Feature Importance in Decision Trees
In decision trees, feature importance quantifies the contribution of each feature to the model’s predictive performance. It is calculated based on the reduction in a chosen impurity measure—such as Gini impurity or entropy—for classification tasks, or variance for regression tasks—achieved by splits involving the feature across all nodes in the tree.
Calculating feature importance
- Impurity Reduction: when a node is split, the impurity decreases.
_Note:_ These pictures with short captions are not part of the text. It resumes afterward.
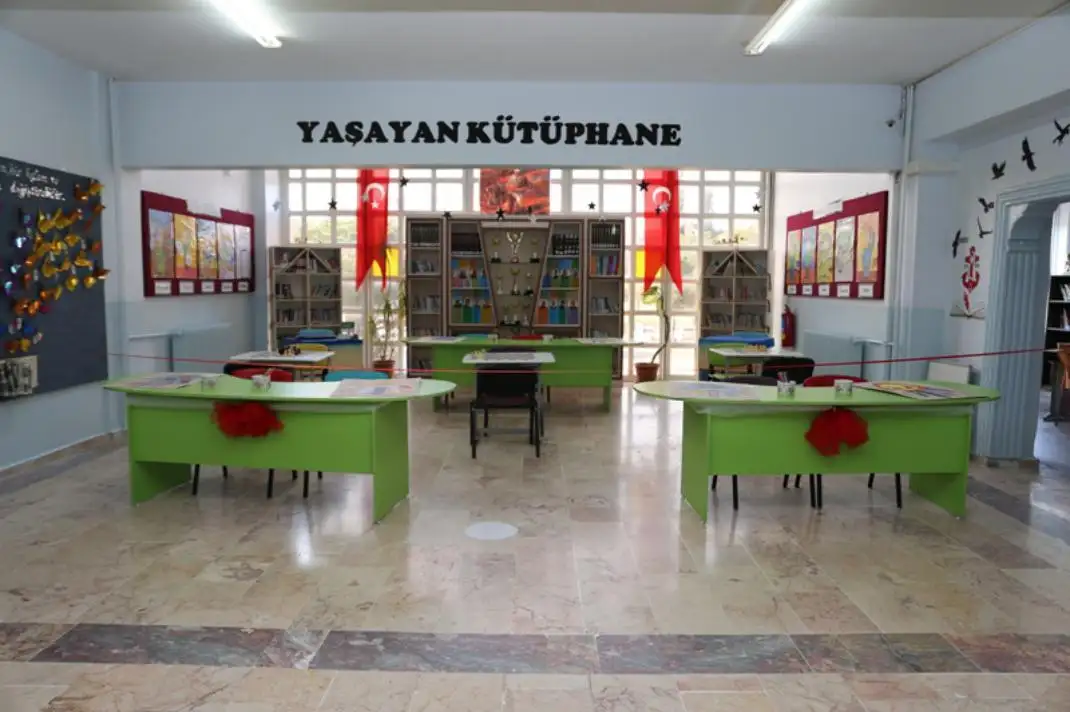 ALTINOVA-PIYALEPASA-ILK-ORTAOKULUNDA-YASAYAN-KUTUPHANE-FAALIYETE-GECTI-1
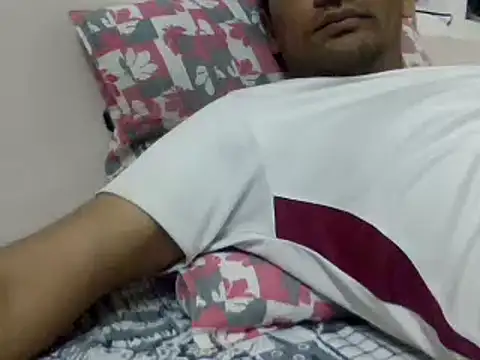 Snapshot of NiceBoy9099 chatting on December 2024 06:21:01 PM NiceBoy9099 online show from December 2024 06:21:01 PM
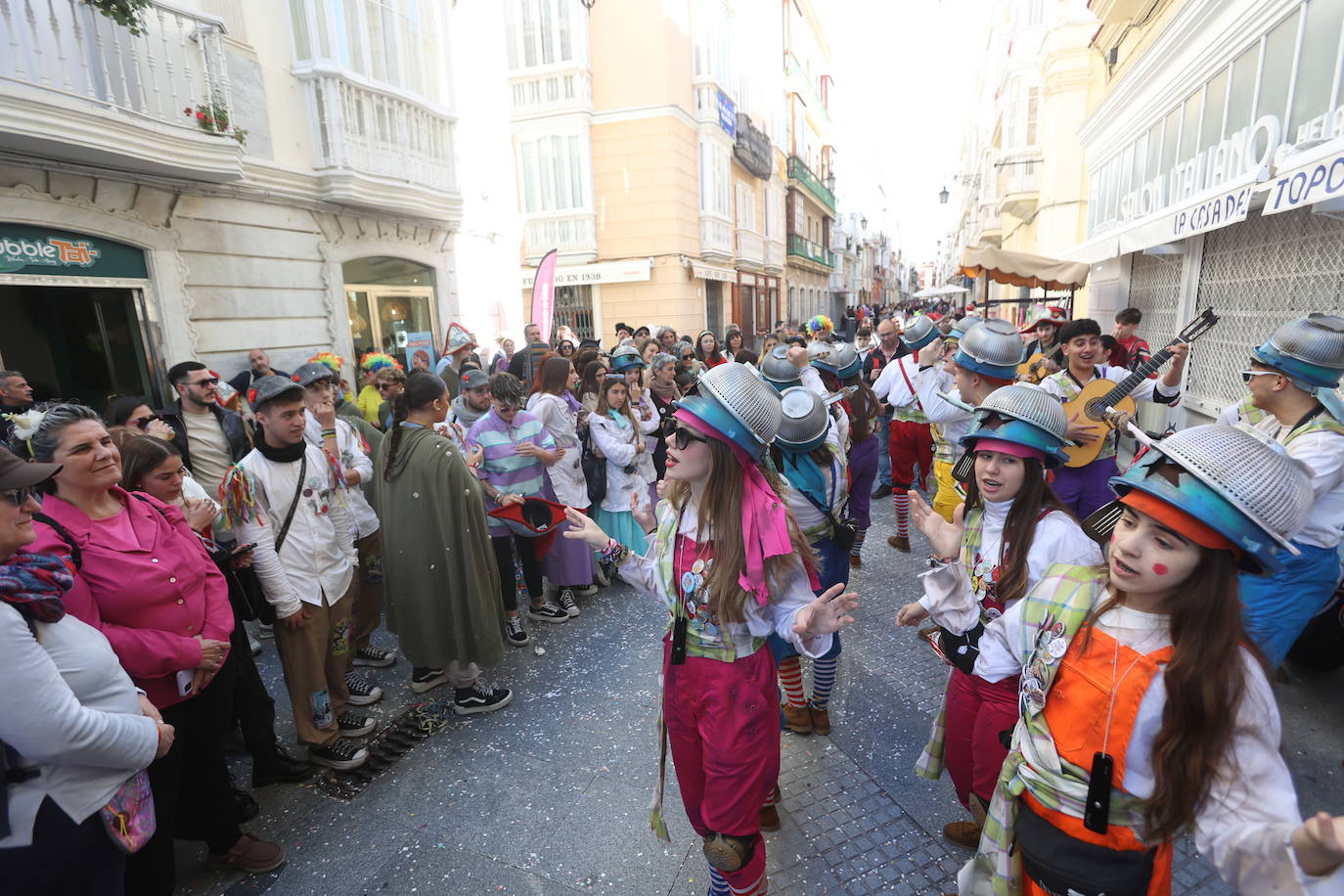 Fotos: Cantera, coros y gran ambiente en un soleado Domingo de Piñata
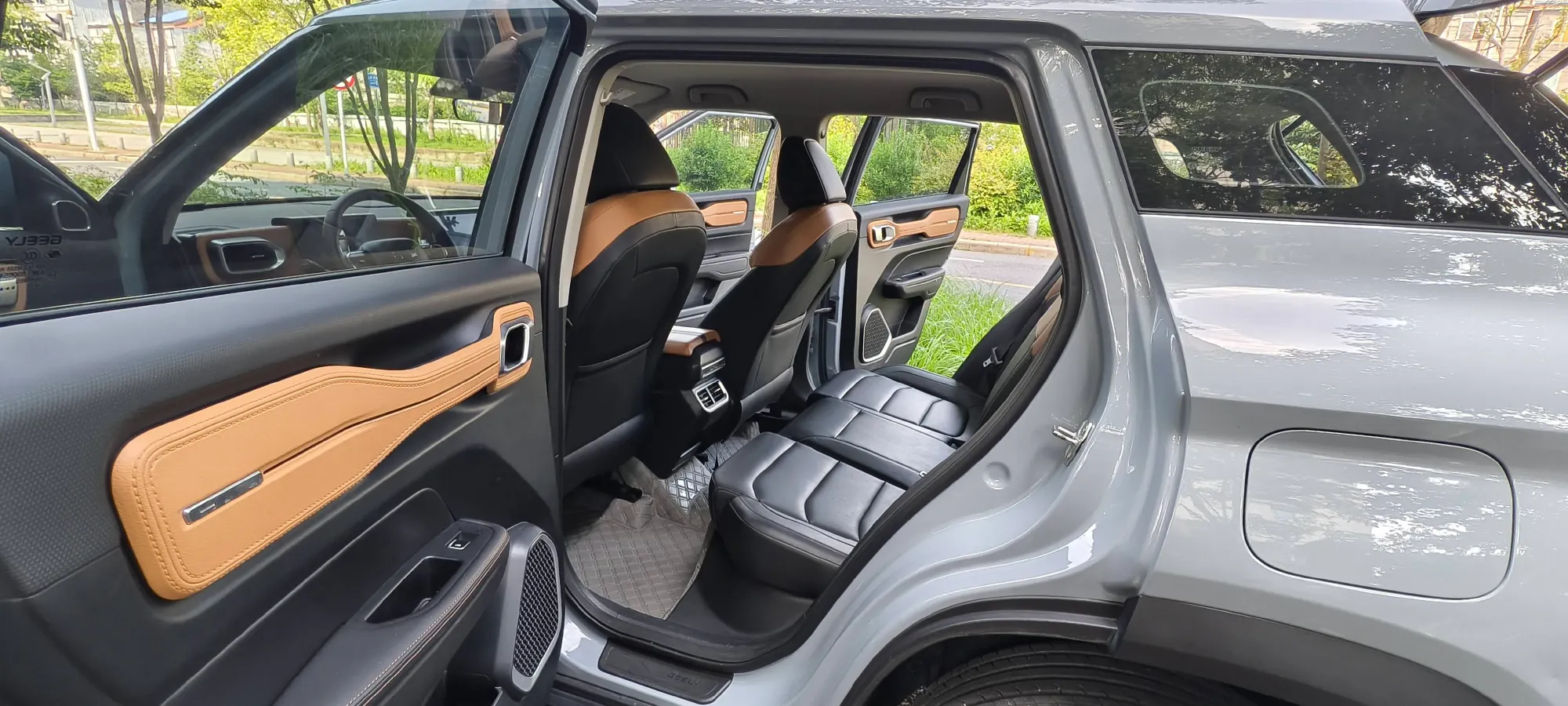 2020 Geely ICON 1.5T 177HP L3 7DCT,autocango,china used car exporter,china ev exporter,chinese used car exporter,chinese used ev exporter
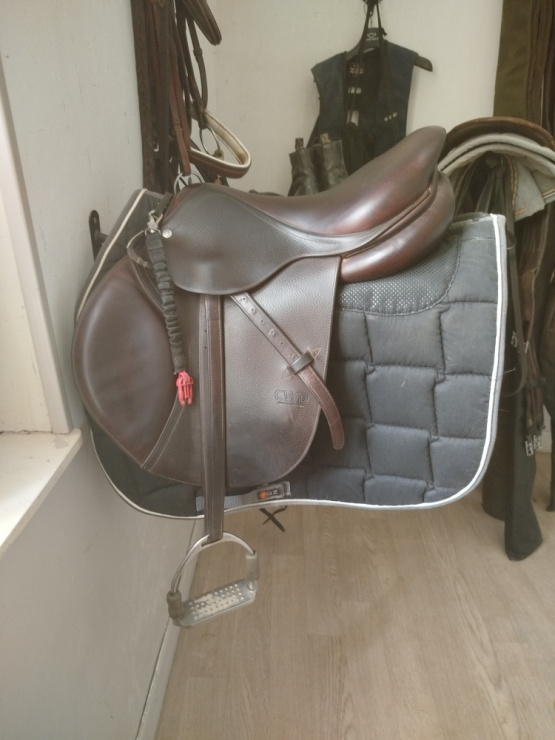 Selle obstacle CWD SE01 16,5 pouces (2012) occasion Selle obstacle CWD SE01 16,5 pouces (2012) occasion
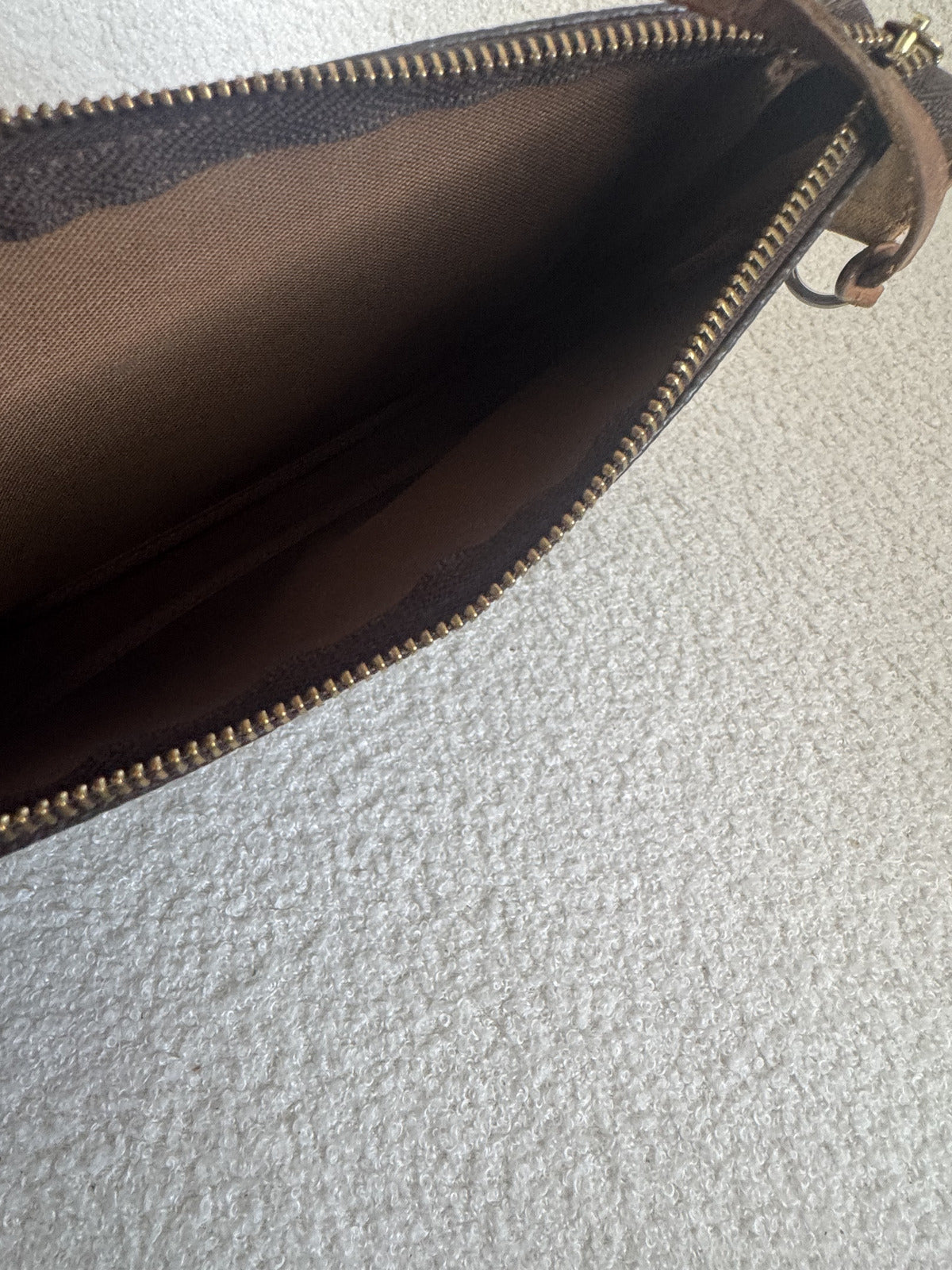 Louis Vuitton Pochette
This reduction is calculated as the difference between the impurity of the parent node and the weighted sum of the impurities of its children
- Aggregating Impurity Reductions: For each feature, sum the impurity reductions for all nodes where the feature is used for splitting
- Normalization: normalize the feature importances by dividing each feature’s total impurity reduction by the sum of all features’ impurity reductions.
Given a node N, let $I(N)$ denote it’s impurity; if $N_L$ and $N_R$ are its children, then the impurity reduction for N is
$$ \Delta I(N) = I(N) - (\frac{|N_L|}{|N|} I(N_L) + \frac{|N_R|}{|N|} I(N_R)) $$The importance of feature $f$, $FI(f)$, is calculated as
$$ FI(f) = \frac{1}{Z} \sum_{N \text{uses} f} \Delta I(N) $$where
$$ Z = \sum_f \sum_{N \text{uses} f} \Delta I(N) $$Considerations
- Features with numerous unique values (e.g., continuous variables) may appear more important because they can create more precise splits, even if they’re not truly more informative.
- To address potential biases, consider using permutation feature importance, which assesses the impact of feature value shuffling on model performance.